The morning air was still quite cool when we arrived in Delhi airport at about 6am yesterday.
Unsure of what metro station was close to our hotel, we took a taxi at what was probably a highly inflated price, but airport customers are ripe for taking advantage of. The drive along the ubiquitous 3 lane airport motorway was uneventful except for seeing regiment of mounted soldiers taking morning exercise along the road, some wearing what appeared to be ceremonial turbans.
On arriving at our hotel entrance our car was checked for bombs by the security guard, and we were sent through scanners and metal detectors when entering the hotel. A grim reminder that India has been through a number of terror attacks in recent years.

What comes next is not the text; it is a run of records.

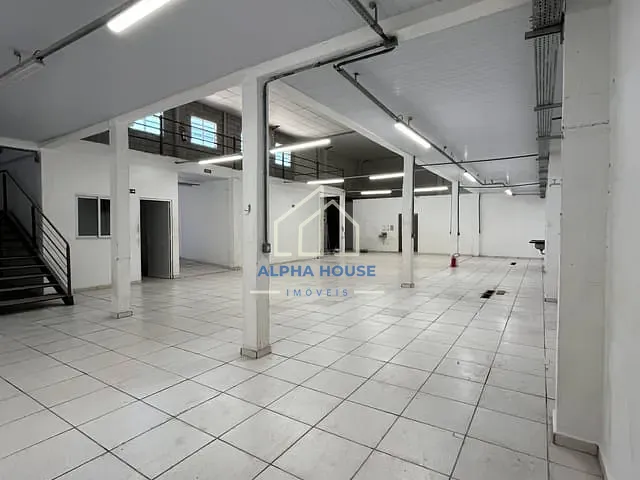 Galpão / Barracão com 1500m², à venda ou para alugar, no bairro Jardim Campo Alegre em Pindamonhangaba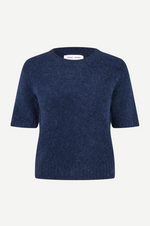 Sajeanne Top in Salute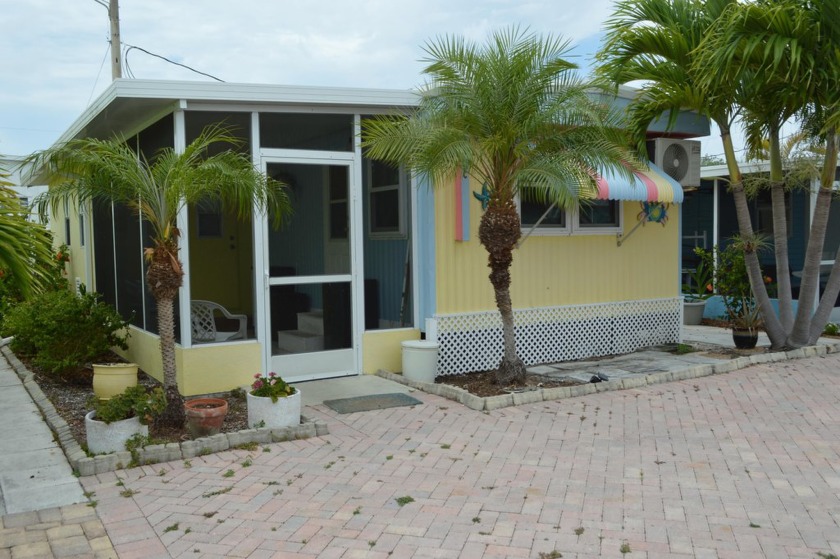 This little Gem sits in the 55+ community of Drop Anchor in - Beach Home for sale in Goodland, Florida on Beachhouse.com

My first impression of Delhi was that is was cleaner than I had expected and the parks, gardens and roadside verges were a riot of colourful flower beds and trees. I also noticed what I took for eagles flying around constantly over the city, they are everywhere you go. (They are actually black kites -Milvus migrans). We also had a resident pigeon on our window ledge, and some ring necked green parrots.

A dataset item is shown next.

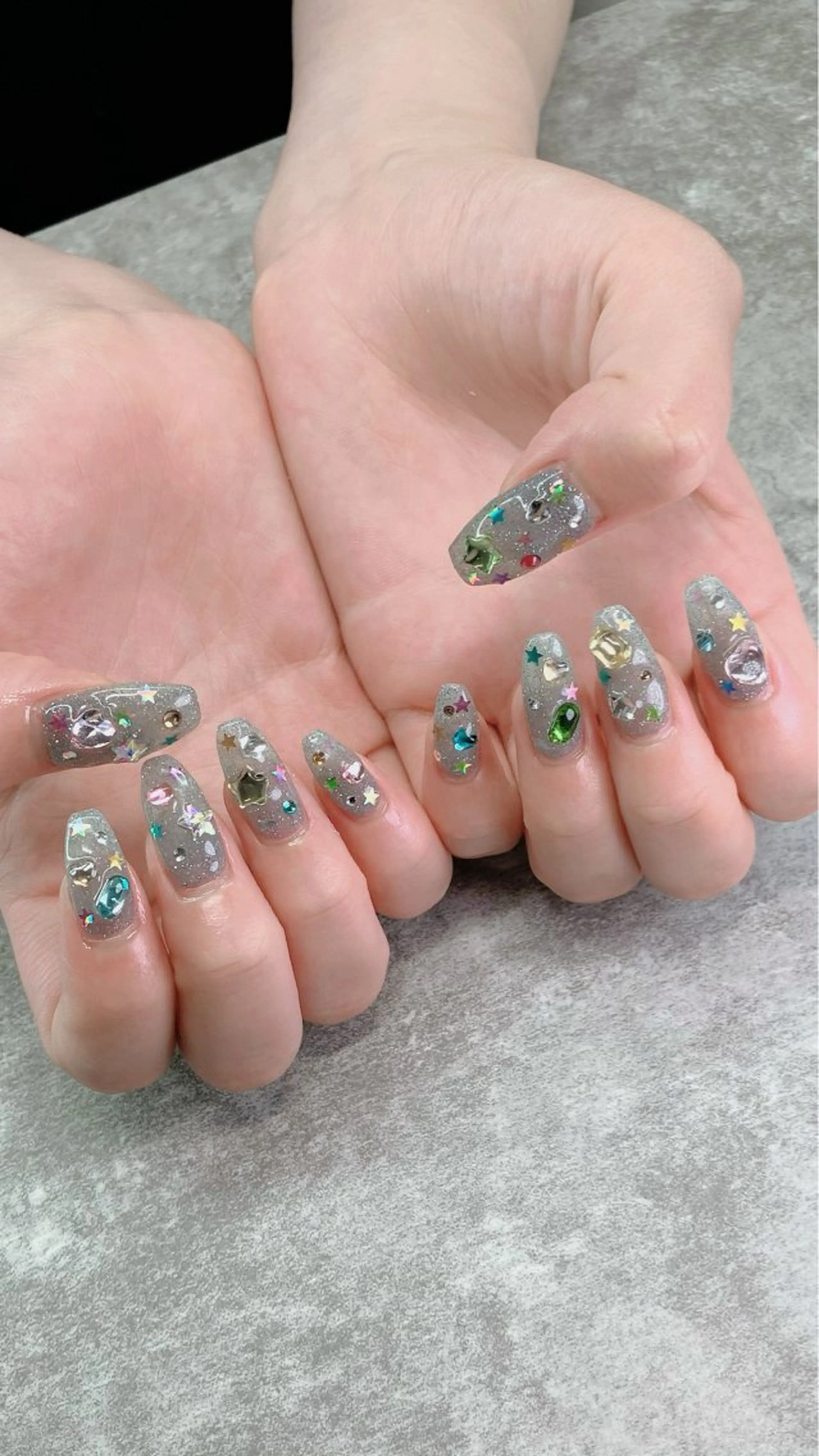 ネイル ハンドネイル ハンドケア shino🌟 痛ネイルのネイルデザイン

We headed off in search of a shop selling SIM cards and wound up taking our first tuktuk ride through the traffic. See short video.

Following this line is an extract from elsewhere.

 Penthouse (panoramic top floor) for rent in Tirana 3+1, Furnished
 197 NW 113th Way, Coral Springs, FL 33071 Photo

Somehow we ended up in a travel agency (who knew tuktuk drivers might scam you? Lol ) where our question about what to see in Delhi became an elaborate exercise in ‘helping’ us to organise the rest of our trip. Oh well, in the end it seemed to work out though I suspect we may have been a bit gullible and paid too much. So we ended up with a car and driver at our disposal for the next two days.
Our first visit was to the Shri Lakshmi Narain temple, then on to India Gate, war memorial. This place amazed me not of itself but because of the many Indian visitors to the site, dressed in their best clothes, make up and accessories, taking selfies in front of the gate. India is the selfie capital of the world, I’m sure, after being here only one day, already I have seen more selfie taking then I thought possible. India does have the dubious honour of being the “killfie” capital, with the most deaths from taking selfies – why am I not surprised?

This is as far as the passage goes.